Not so with the party leader, who represents and symbolises the party itself. A shady leader means the party is shady. That’s how people see it. A squeaky clean leader does not mean that the Nationalist Party is squeaky clean, but the way people look at it – the sensible people who vote Nationalist out of deliberate choice and not because they are ‘political fans’ – a clean leader will control and corral the less desirable elements in the party.
The leader of the Nationalist Party always has to be squeaky clean – not just clean, but squeaky clean. The three Nationalist Party leaders we knew in our lifetime were exactly that: squeaky clean.
George Borg Olivier had issues of personal sexual morality (and had they become widely known among the electorate, in that pre-media age, his position would have been untenable anyway on those grounds) but nobody could ever accuse him of financial sleaze or taking a cut on a contract. He died penniless, owning not even the house in which he lived, because it belonged to his wife.
Eddie Fenech Adami’s authority was moral authority. It was not because of the thugs who surrounded him in those extremely violent days that people respected him. It was because of his backbone. Moral courage (backbone) is not the same thing as physical courage (għandu l-bajd). Big shows with thugs are no substitute for moral fibre and for backbone.
Lawrence Gonzi survived the most terrible onslaught any party leader could fear to endure precisely because he had backbone and the moral strength that comes from integrity. If, on top of all that, he were also shady or sleazy, he would have been hammered into the ground by the electorate, which forgives Labour the worst crimes but doesn’t forgive the Nationalists for the smallest infraction in 2008. His personal integrity saved him then.
It could not save him in 2013 when people were desperate for change after so many years, and when that personal integrity had been severely weakened by self-serving (and ultimately self-destructive) decisions like the selection of John Dalli for the European Commission, the appointment of Franco Debono as his parliamentary assistant, and the installation of Jeffrey Pullicino Orlando as chairman at the Malta Council of Science and Technology, to the detriment of the real scientist who was CEO there, who he replaced with a new ‘executive chairman’ position under Labour.

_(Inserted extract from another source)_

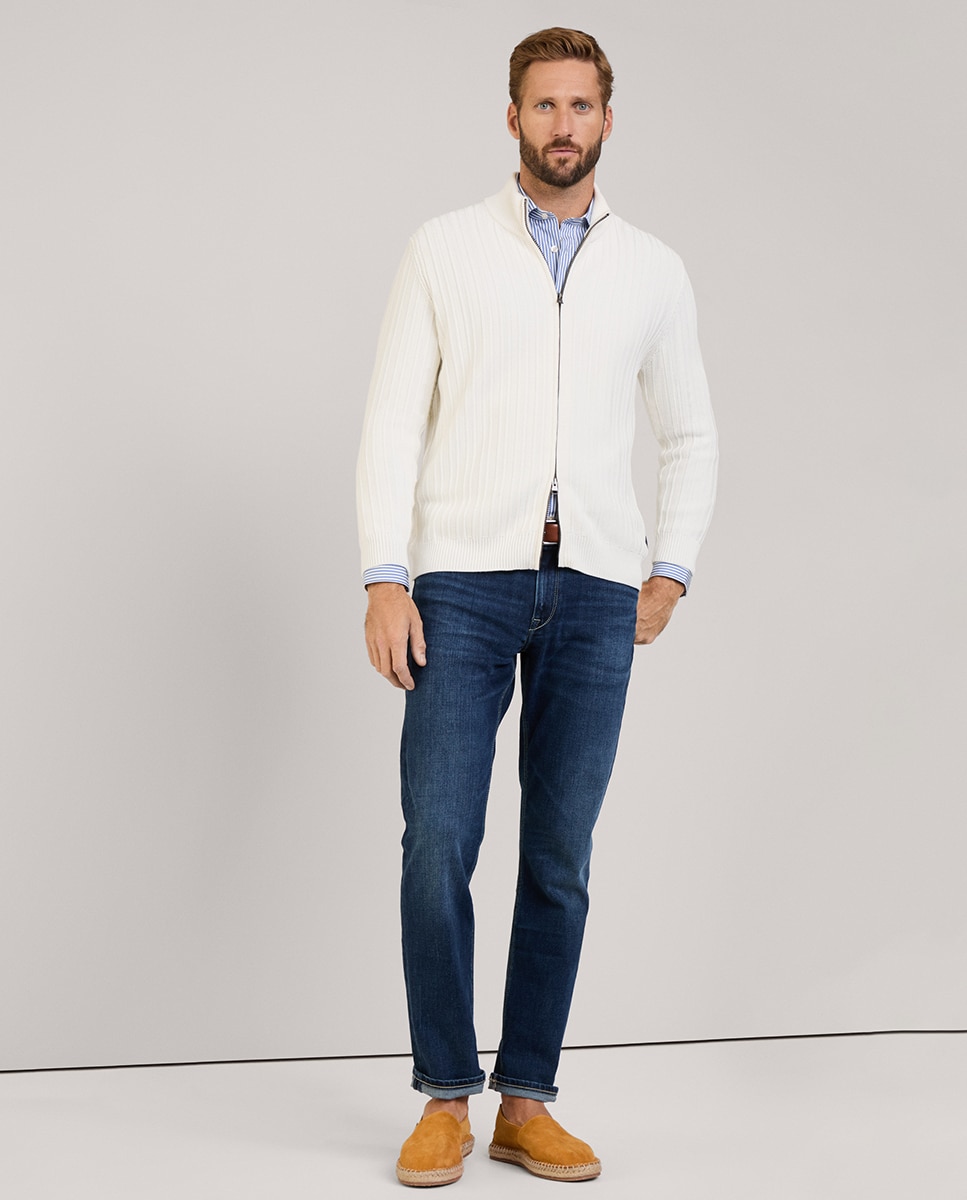 Jeans Straight de Cinco Bolsos em Algodão Elástico Azul-1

Simon Busuttil did not lose because he is squeaky clean. He reduced his losses because of that. Eight thousand electors switched back to the Nationalist Party in the last few weeks of the campaign because of Labour sleaze. They would not have switched back if he had been sleazy too. They would have had no reason for doing so.

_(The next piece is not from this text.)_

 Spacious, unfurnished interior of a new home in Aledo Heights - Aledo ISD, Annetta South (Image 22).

Eight thousand electors is a gap between the political parties (and I am not going to explain the maths; work it out) of 16,000 votes. Had that not happened, the Labour Party would have won by 52,000 votes and not by 36,000 – exactly as it was predicting already a few months earlier, when Chris Fearne gave the game away by boasting about it. That was not an empty boast at the time: the Labour Party had surveys showing it.
George Borg Olivier, Eddie Fenech Adami, Lawrence Gonzi and Simon Busuttil – many accusations have been levelled against them, but I think we can all say with certitude that not one of them would have opened a bank account in Jersey to allow clients to launder money. Whether the money is from straight rent or from a prostitution racket, it still constitutes money-laundering. The latter just exacerbates the crime.
When Alexander Borg Olivier writes on Facebook, as he has done now, that Adrian Delia is the man required to restore the Nationalist Party to its former glory, he not only shows demonstrably poor judgement of character, but far worse than that, he insults his father’s memory.